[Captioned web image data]

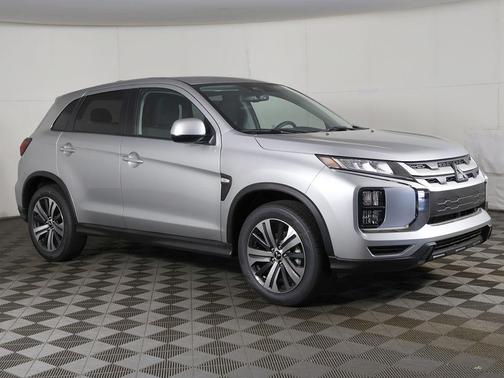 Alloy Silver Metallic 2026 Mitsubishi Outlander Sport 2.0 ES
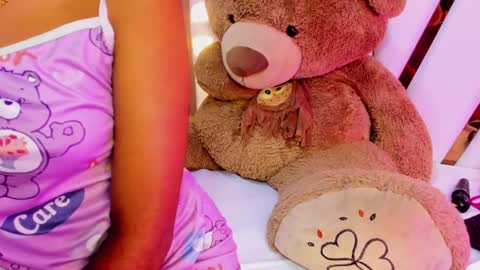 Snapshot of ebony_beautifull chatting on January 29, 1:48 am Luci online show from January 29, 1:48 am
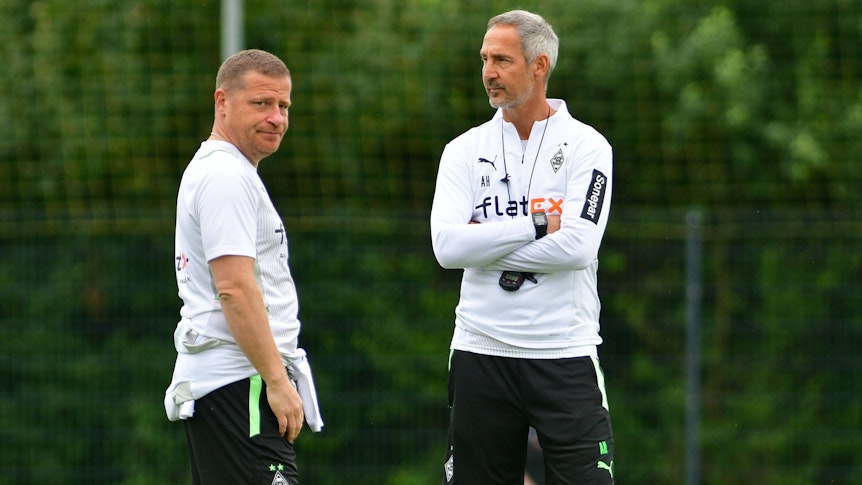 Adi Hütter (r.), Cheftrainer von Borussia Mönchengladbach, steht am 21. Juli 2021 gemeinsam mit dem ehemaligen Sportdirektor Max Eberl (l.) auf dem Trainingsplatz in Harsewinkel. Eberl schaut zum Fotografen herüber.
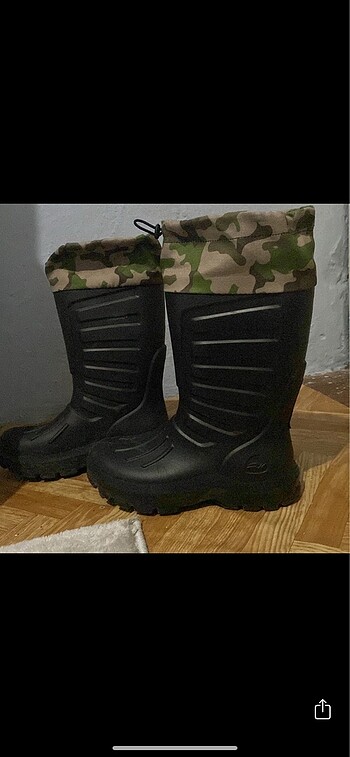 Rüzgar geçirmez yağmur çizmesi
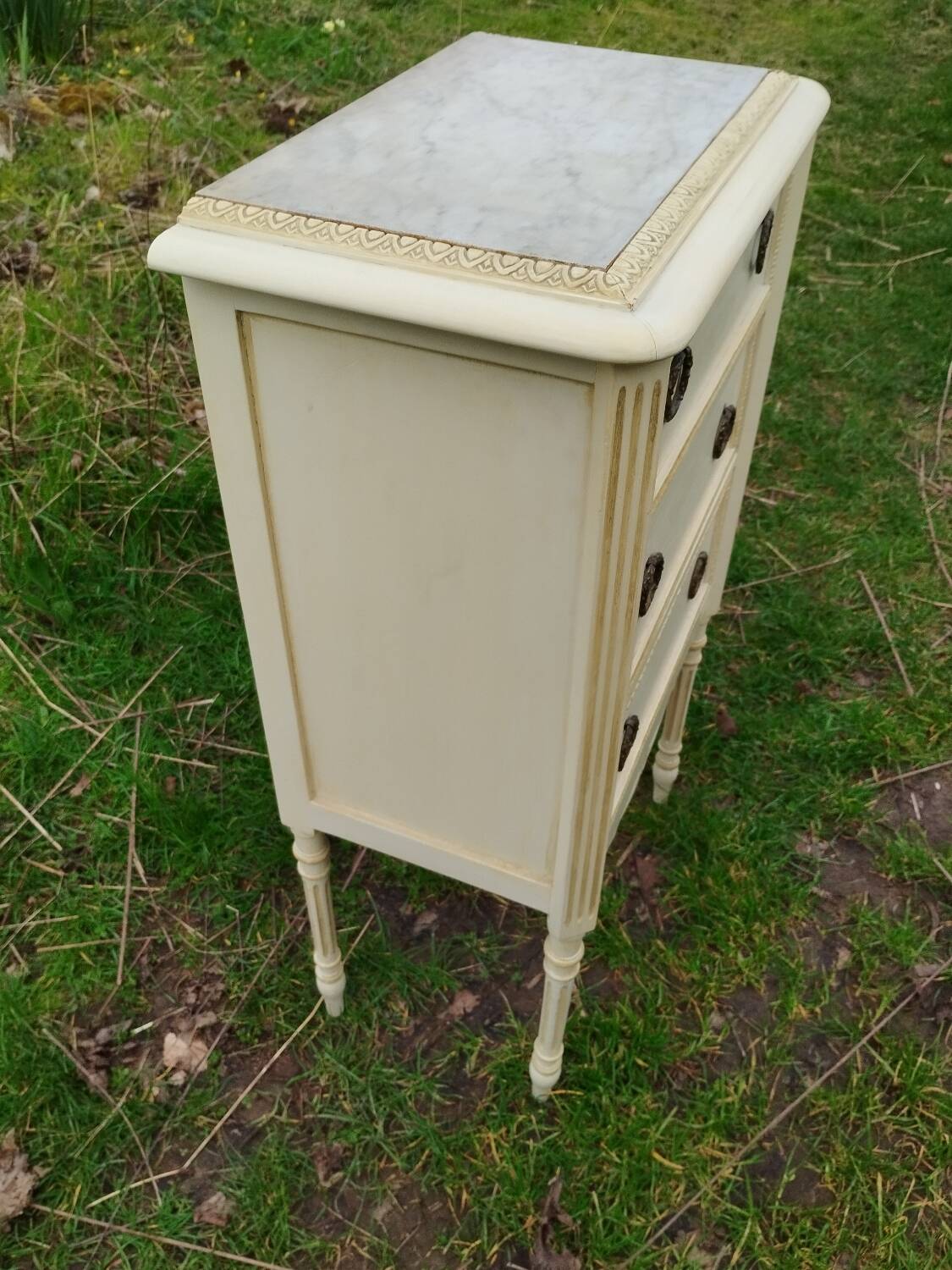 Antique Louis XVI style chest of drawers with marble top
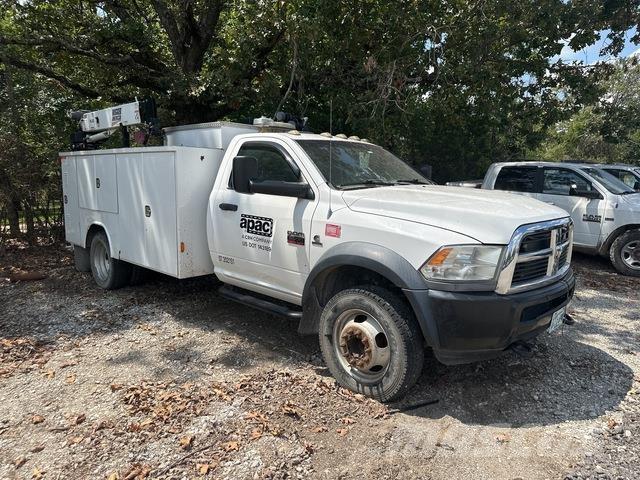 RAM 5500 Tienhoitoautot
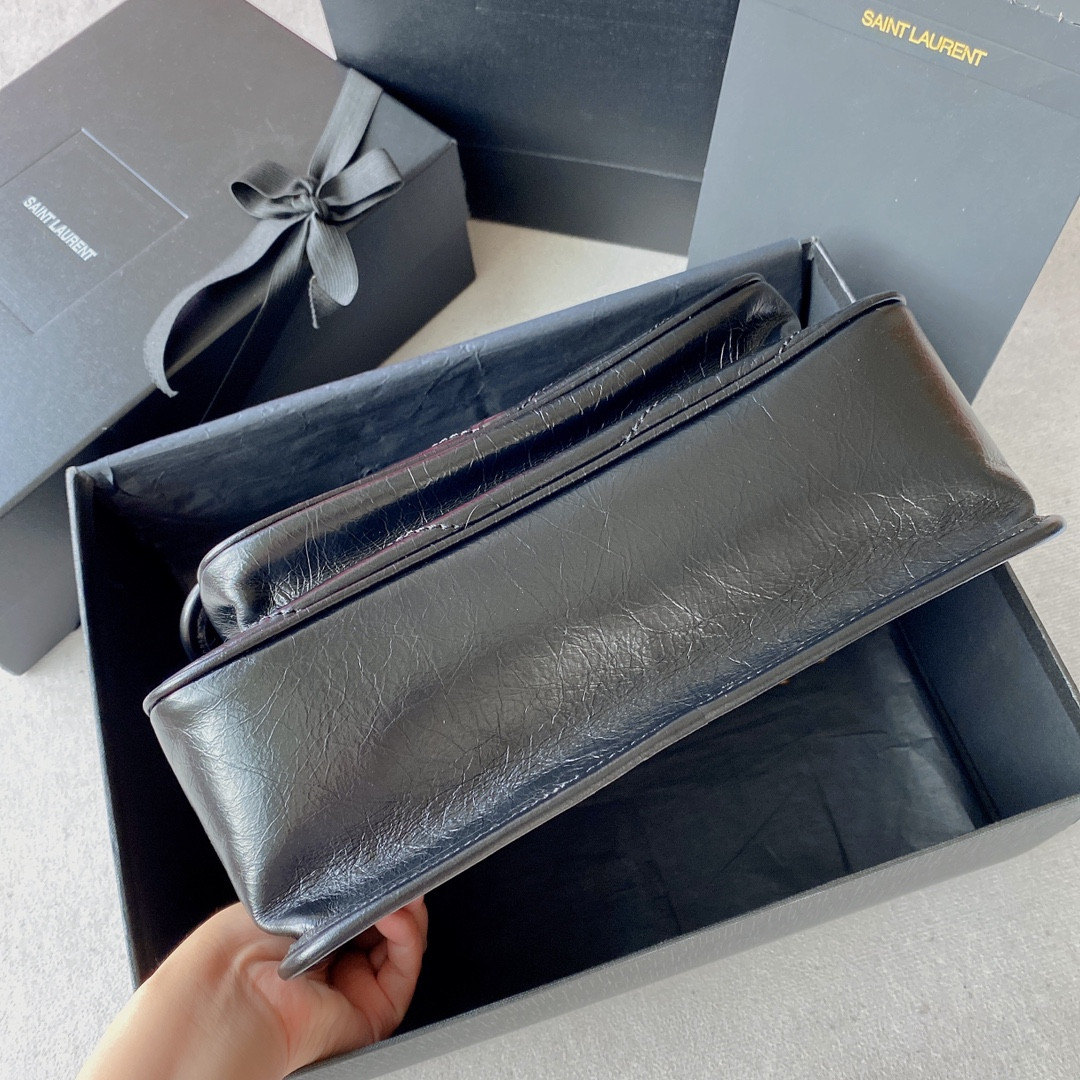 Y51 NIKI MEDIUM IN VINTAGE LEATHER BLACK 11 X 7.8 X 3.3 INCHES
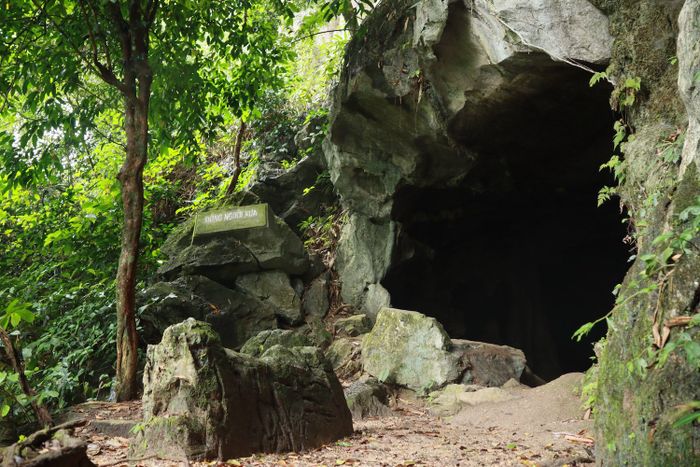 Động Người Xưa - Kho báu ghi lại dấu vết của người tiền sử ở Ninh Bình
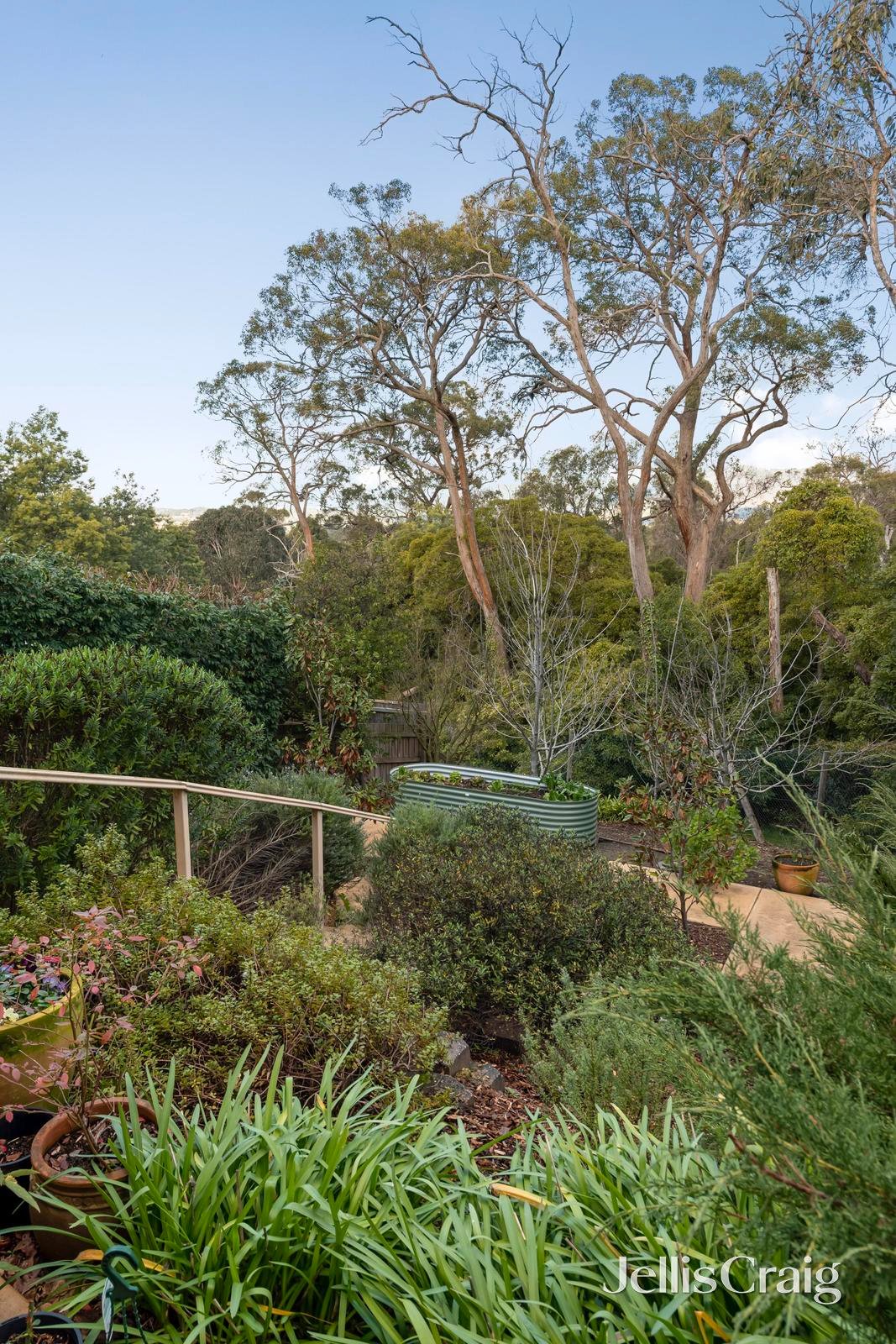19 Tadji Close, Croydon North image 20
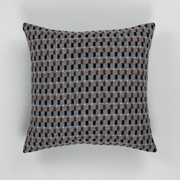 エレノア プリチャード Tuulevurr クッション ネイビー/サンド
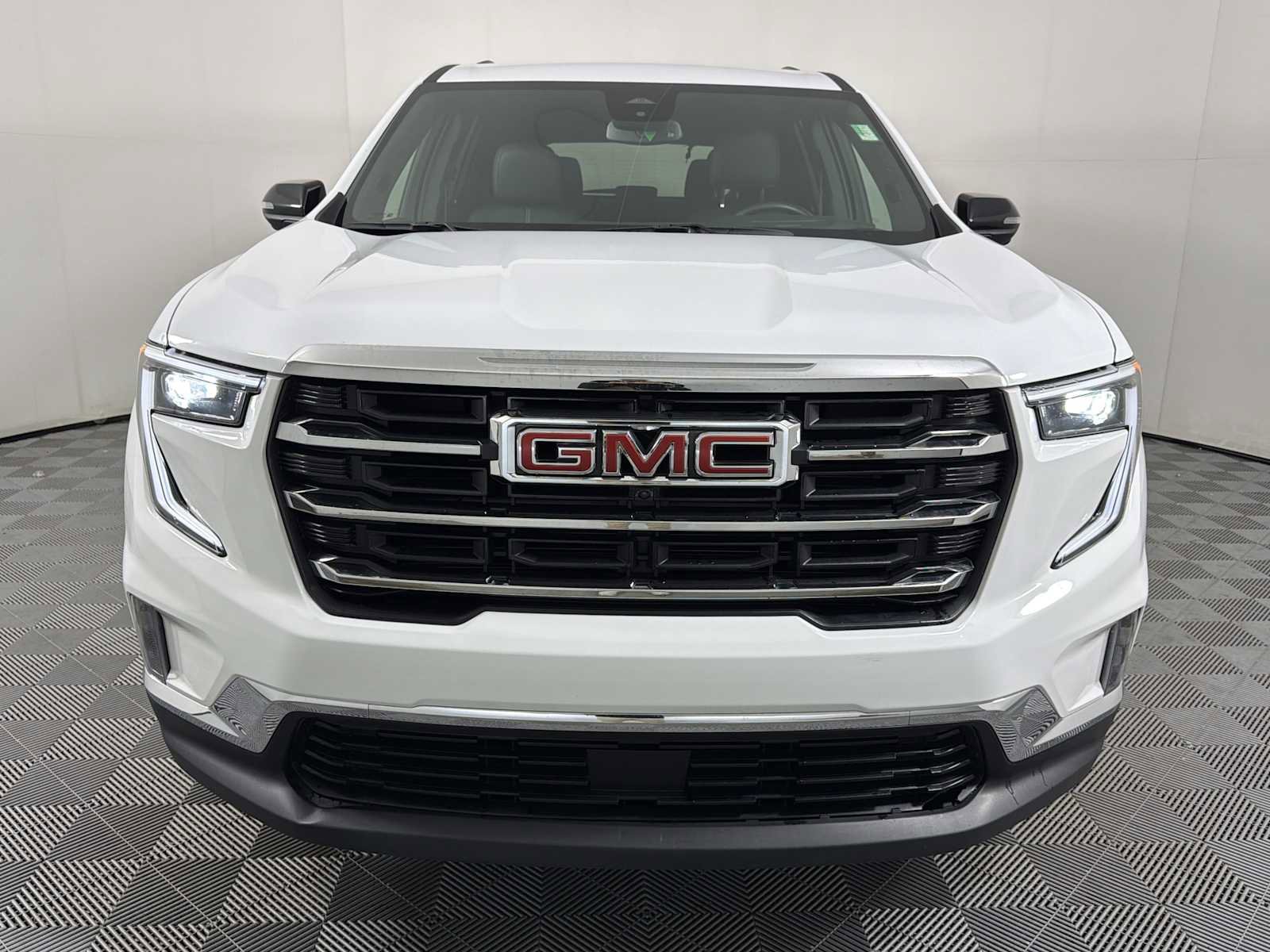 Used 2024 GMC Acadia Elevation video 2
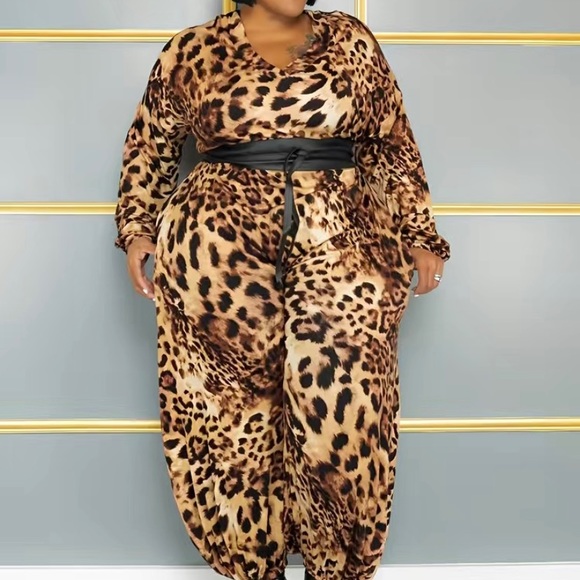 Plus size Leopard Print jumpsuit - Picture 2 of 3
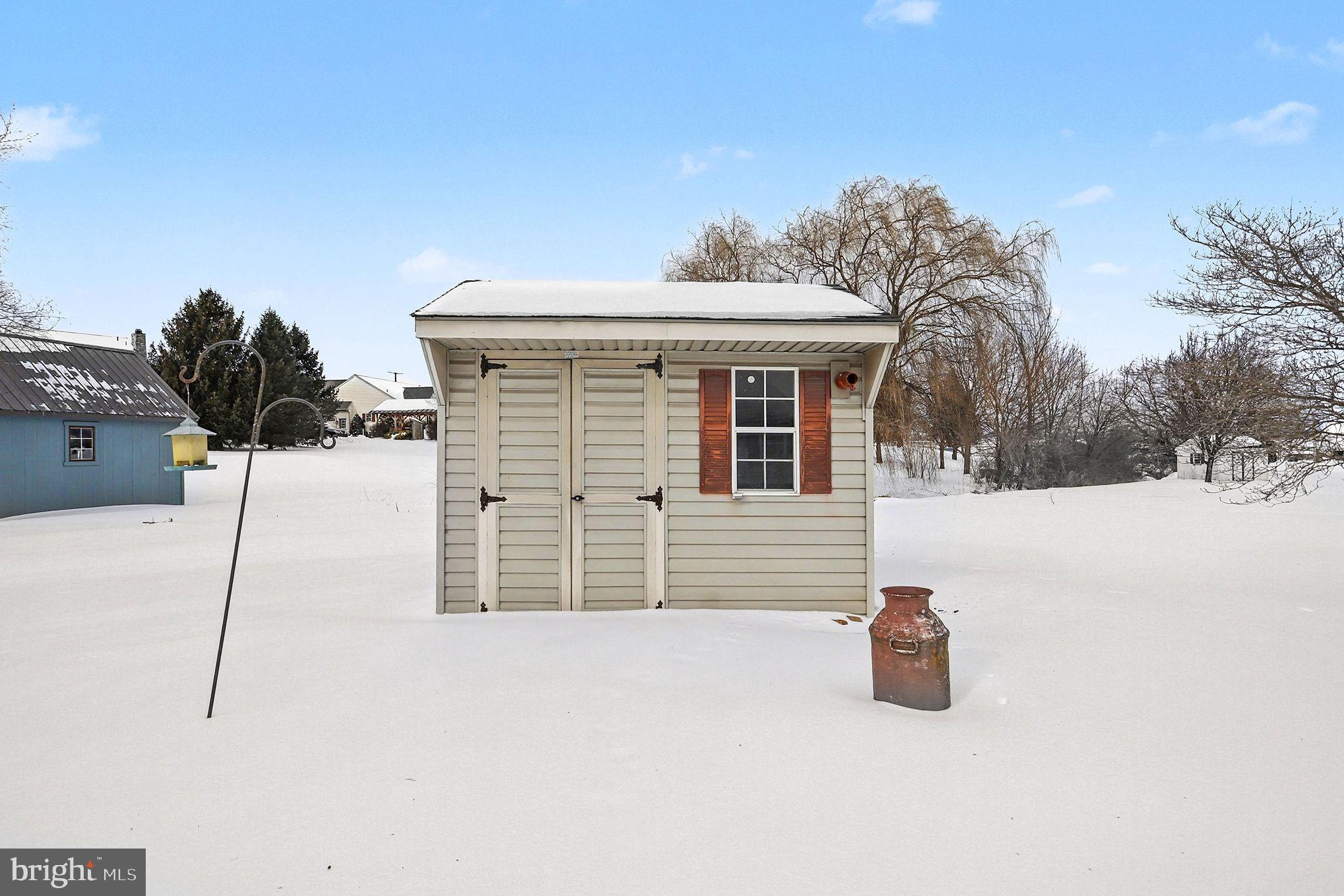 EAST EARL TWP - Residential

Description of the task = Exclude the pictures, then write out every record exactly as it stands.

Task response =
 Alloy Silver Metallic 2026 Mitsubishi Outlander Sport 2.0 ES
 Snapshot of ebony_beautifull chatting on January 29, 1:48 am Luci online show from January 29, 1:48 am
 Adi Hütter (r.), Cheftrainer von Borussia Mönchengladbach, steht am 21. Juli 2021 gemeinsam mit dem ehemaligen Sportdirektor Max Eberl (l.) auf dem Trainingsplatz in Harsewinkel. Eberl schaut zum Fotografen herüber.
 Rüzgar geçirmez yağmur çizmesi
 Antique Louis XVI style chest of drawers with marble top
 RAM 5500 Tienhoitoautot
 Y51 NIKI MEDIUM IN VINTAGE LEATHER BLACK 11 X 7.8 X 3.3 INCHES
 Động Người Xưa - Kho báu ghi lại dấu vết của người tiền sử ở Ninh Bình
19 Tadji Close, Croydon North image 20
 エレノア プリチャード Tuulevurr クッション ネイビー/サンド
 Used 2024 GMC Acadia Elevation video 2
 Plus size Leopard Print jumpsuit - Picture 2 of 3
 EAST EARL TWP - Residential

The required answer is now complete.